== Instructions to follow ==
Give back the lines of the entries below exactly as written, from the first line to the line holding "Une foule d’investisseurs", both included, with the pictures omitted.

== Recorded information ==
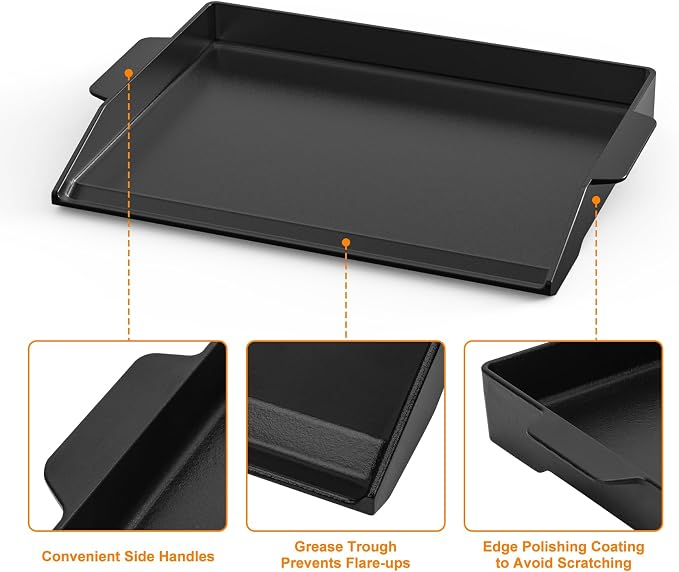 Onlyfire Universal Cast Iron Cooking Griddle, Pre-Seasoned Nonstick Coating - Image 3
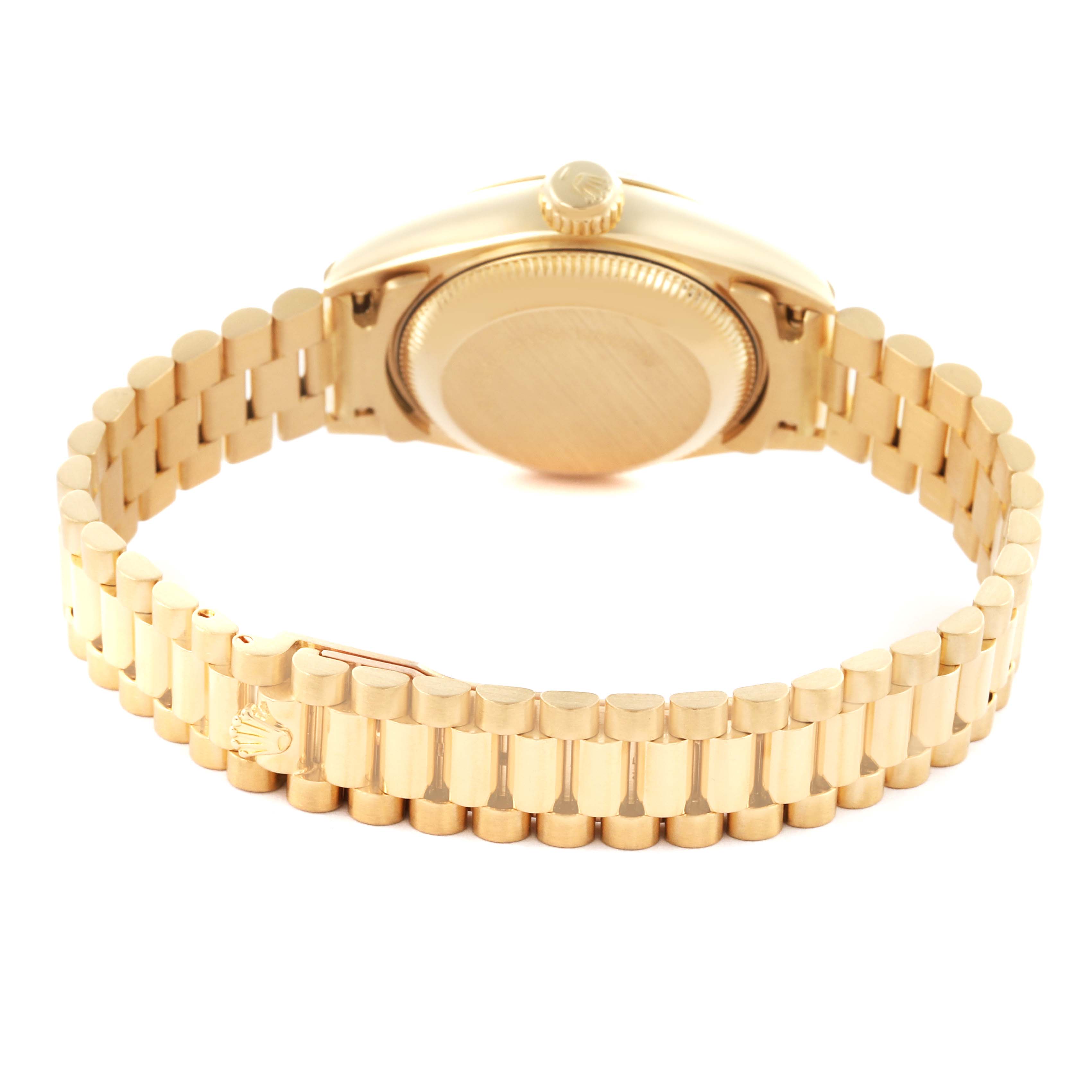 The image shows the back and side view of the Rolex President 69178 Women's Yellow Gold Champagne Dial 69178 Women's Yellow Gold Champagne Dial model, focusing on the gold bracelet and case back.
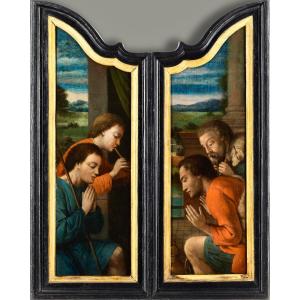 Anonymous Flemish Painter, 2nd Half Of The 16th Century, Pair Of Triptych Wings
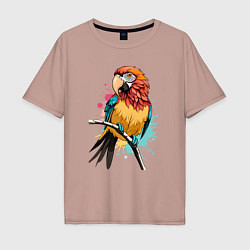 Футболка оверсайз мужская Акварельный попугай, цвет: пыльно-розовый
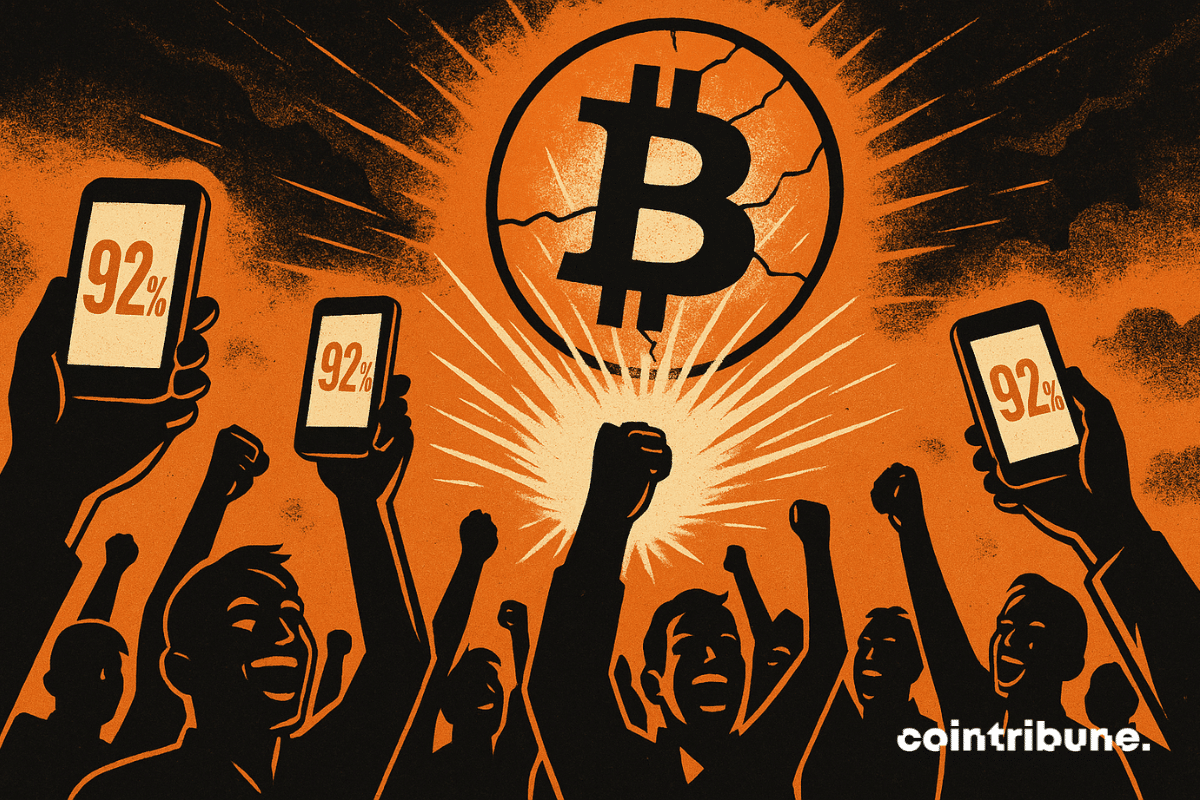 Une foule d’investisseurs brandit des smartphones vers le ciel, avec des écrans lumineux affichant le chiffre 92 % relatif au profit réalisé. Derrière la foule, une énorme pièce de Bitcoin rayonne dans le ciel.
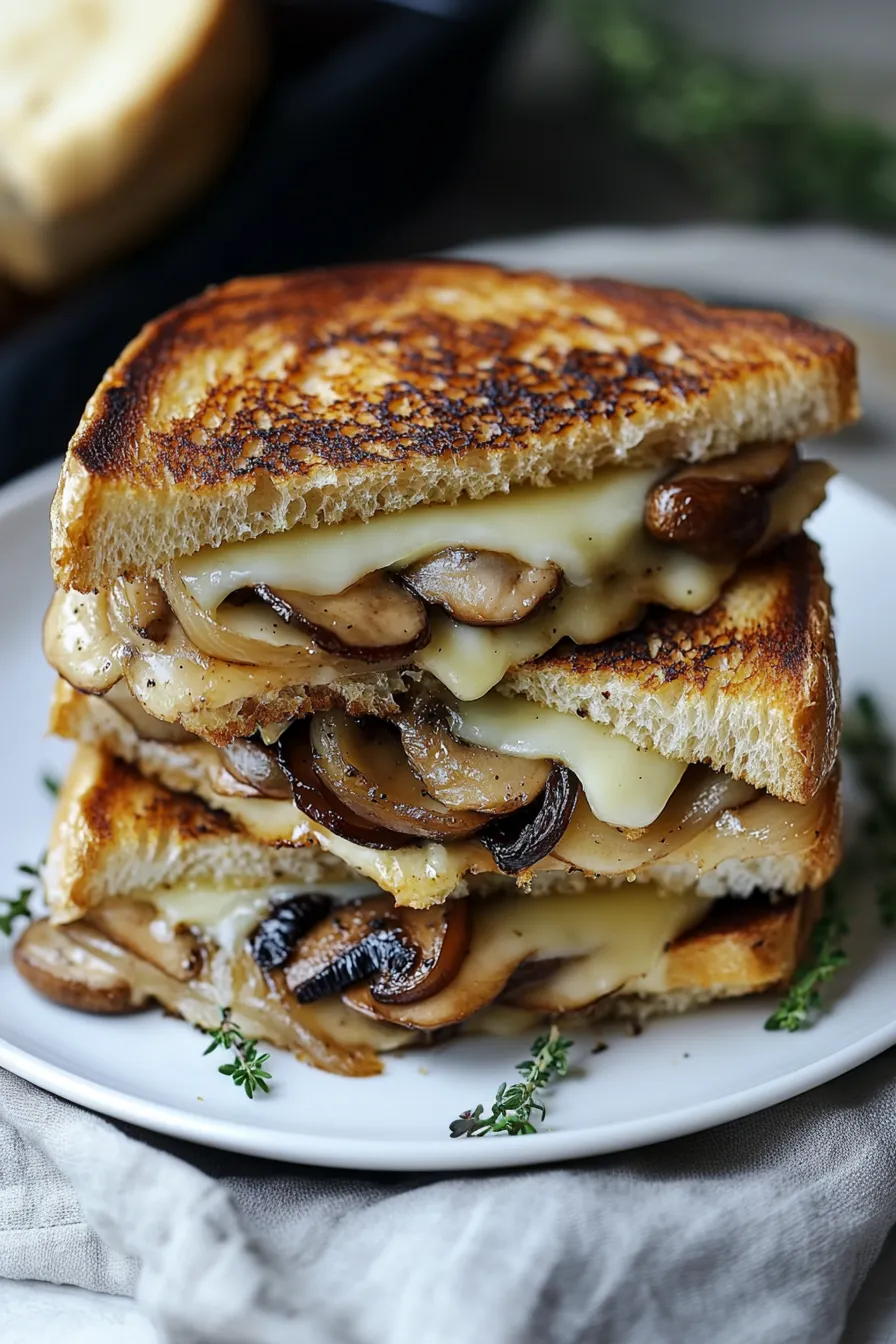 Grilled Cheese with Gouda, Roasted Mushrooms and Onions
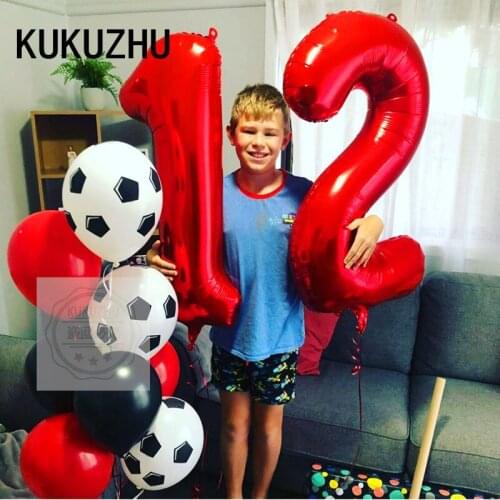 10pcs Football Soccer Balloons Football Theme Party Latex Foil Helium Air Ballon Boys Birthday Games Toys Event Party Supplies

== Exercise output ==
 Onlyfire Universal Cast Iron Cooking Griddle, Pre-Seasoned Nonstick Coating - Image 3
 The image shows the back and side view of the Rolex President 69178 Women's Yellow Gold Champagne Dial 69178 Women's Yellow Gold Champagne Dial model, focusing on the gold bracelet and case back.
 Anonymous Flemish Painter, 2nd Half Of The 16th Century, Pair Of Triptych Wings
 Футболка оверсайз мужская Акварельный попугай, цвет: пыльно-розовый
 Une foule d’investisseurs brandit des smartphones vers le ciel, avec des écrans lumineux affichant le chiffre 92 % relatif au profit réalisé. Derrière la foule, une énorme pièce de Bitcoin rayonne dans le ciel.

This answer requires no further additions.